Restore detects .gpg files automatically:
./opentr.sh restore backups/opentranscribe_backup_YYYYMMDD_HHMMSS.sql.gpg
Store the passphrase in a password manager — an encrypted backup without its passphrase is
unrecoverable. (--encrypt requires gpg; install with apt install gnupg /
brew install gnupg.)
Manual pg_dump
For more control over the backup process:
# Full database dump
docker compose exec -T postgres pg_dump -U postgres opentranscribe > backup.sql
# Compressed backup (recommended for large databases)
docker compose exec -T postgres pg_dump -U postgres opentranscribe | gzip > backup.sql.gz
# Custom format (supports parallel restore)
docker compose exec -T postgres pg_dump -U postgres -Fc opentranscribe > backup.dump
Automated Backups (in-app, recommended)
OpenTranscribe ships a built-in scheduled-backup system that runs on the
stack's existing celery-beat service — no host cron, no systemd timer, and
no shell scripting. Everything is configured in the admin UI under
Settings → System Management → Backups and stored in the database, so
schedule changes take effect with no restart.
Start the stack with the backup overlay so a destination is mounted:
# Mounts BACKUP_HOST_PATH (default ./backups) to /backups in the backend + worker
./opentr.sh start dev --with-backup
Then, in the admin UI:
- Enable scheduled backups and set a cron schedule (default
0 3 * * *— 03:00 daily, UTC). - Choose a destination:
- Local folder — the mounted
/backupspath (set viaBACKUP_HOST_PATH). - S3-compatible bucket — any AWS S3 / MinIO / Backblaze-style endpoint. Provide endpoint URL, region, bucket, prefix, and access/secret keys. The secret is encrypted at rest (AES-256-GCM) and never returned by the API; a Test Connection button validates it. This lets backups land off the host machine entirely.
- Local folder — the mounted
- Set GFS retention (grandfather-father-son: daily / weekly / monthly counts; default 7 / 4 / 12).
- Optionally enable gpg encryption (provide a passphrase file path).
- Use Run Now to take an immediate backup and see the last result.

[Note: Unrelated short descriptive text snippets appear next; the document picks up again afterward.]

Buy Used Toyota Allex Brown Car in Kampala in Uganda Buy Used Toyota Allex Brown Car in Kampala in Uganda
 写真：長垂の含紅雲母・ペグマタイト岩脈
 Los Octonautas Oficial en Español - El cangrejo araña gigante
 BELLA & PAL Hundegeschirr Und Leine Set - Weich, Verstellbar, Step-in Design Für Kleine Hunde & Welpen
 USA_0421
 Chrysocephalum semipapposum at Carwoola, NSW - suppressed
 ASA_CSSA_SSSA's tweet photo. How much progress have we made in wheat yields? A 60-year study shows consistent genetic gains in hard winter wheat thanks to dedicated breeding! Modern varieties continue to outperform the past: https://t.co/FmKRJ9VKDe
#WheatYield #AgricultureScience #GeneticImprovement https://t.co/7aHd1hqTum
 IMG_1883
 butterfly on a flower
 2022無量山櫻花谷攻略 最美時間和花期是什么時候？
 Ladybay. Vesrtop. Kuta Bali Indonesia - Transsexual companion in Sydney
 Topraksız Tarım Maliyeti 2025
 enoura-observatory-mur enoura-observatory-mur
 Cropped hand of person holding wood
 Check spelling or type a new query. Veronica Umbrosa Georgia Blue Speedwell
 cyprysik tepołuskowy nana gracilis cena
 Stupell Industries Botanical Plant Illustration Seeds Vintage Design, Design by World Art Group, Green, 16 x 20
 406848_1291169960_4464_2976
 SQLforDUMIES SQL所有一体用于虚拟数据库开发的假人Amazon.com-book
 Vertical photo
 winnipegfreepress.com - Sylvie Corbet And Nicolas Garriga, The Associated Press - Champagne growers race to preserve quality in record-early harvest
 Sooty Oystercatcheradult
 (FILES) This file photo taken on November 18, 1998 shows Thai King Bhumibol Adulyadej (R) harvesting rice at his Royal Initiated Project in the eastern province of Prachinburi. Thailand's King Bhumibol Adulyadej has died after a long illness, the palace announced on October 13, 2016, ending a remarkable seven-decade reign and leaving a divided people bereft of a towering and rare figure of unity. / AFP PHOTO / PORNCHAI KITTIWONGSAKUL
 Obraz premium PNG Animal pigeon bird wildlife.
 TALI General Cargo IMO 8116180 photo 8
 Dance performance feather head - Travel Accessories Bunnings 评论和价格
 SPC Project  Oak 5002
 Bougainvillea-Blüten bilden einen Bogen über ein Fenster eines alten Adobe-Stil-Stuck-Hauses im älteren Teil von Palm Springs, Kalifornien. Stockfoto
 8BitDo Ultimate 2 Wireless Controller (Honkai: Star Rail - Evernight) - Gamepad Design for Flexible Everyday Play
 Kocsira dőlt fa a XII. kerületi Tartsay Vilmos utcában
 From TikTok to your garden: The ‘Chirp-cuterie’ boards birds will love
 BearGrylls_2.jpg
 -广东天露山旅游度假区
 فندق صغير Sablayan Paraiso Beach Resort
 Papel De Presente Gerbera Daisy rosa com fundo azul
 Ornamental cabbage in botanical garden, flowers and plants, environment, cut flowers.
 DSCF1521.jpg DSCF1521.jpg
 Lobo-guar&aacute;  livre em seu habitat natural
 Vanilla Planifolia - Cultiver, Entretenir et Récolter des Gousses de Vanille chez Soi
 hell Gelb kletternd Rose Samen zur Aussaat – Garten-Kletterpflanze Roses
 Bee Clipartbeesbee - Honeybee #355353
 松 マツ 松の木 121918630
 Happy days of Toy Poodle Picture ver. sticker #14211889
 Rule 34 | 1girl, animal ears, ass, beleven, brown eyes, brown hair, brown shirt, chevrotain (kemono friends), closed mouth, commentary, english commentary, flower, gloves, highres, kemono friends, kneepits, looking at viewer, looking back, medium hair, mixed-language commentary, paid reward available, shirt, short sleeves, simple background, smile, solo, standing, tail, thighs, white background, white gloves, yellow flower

Under the hood: a lightweight backup.check_schedule beat task fires every few
minutes, evaluates the DB-stored cron against the last run, and dispatches
backup.run, which executes pg_dump --format=custom directly from the worker
(the backend image ships postgresql-client), optionally gpg-encrypts, uploads
to the chosen destination, and prunes old backups by the GFS policy. If the
destination isn't mounted/reachable the task records a clear status and never
crashes.
For real disaster resilience, point the destination at an S3-compatible bucket on a different machine or provider — a host failure then can't take your backups with it. The bucket can be your own MinIO on another box.
Restore an in-app backup the same way as any custom-format dump — see
Restore Procedures below (pg_restore).
OpenSearch snapshots (optional)
The in-app scheduler can also take an OpenSearch snapshot alongside each
pg_dump. Enable it in the admin UI under Settings → Backups → "Include
OpenSearch snapshot". Because every search index is rebuildable from
PostgreSQL, this is a convenience (skip the reindex on restore), not a
necessity — leave it off and nothing is lost.
How it works:
- The snapshot runs only after a successful database dump and its outcome is
independent of the dump — a snapshot failure never fails the backup. The
result panel shows a separate "OpenSearch snapshot" status (
ok/skipped/unsupported/error). - Snapshots use a filesystem (
fs) repository namedopentranscribe_backup. OpenSearch only permitsfsrepositories whose location is in itspath.repoallow-list, so the path must be configured on the OpenSearch container. The--with-backupoverlay does this automatically: it setspath.repoon the OpenSearch service and bind-mountsBACKUP_HOST_PATH/opensearch-snapshotsinto it, so snapshots land beside the.dumpfiles. - Snapshot names share the
opentranscribe-YYYYMMDD-HHMMSSstem of the dumps and are pruned by the same GFS retention policy.
Requirement: start the stack with the backup overlay so path.repo is
allow-listed:
./opentr.sh start dev --with-backup
If you enable "Include OpenSearch" without the overlay, the feature degrades
gracefully: the database dump still succeeds and the OpenSearch status is recorded
as unsupported with a message that path.repo is not configured.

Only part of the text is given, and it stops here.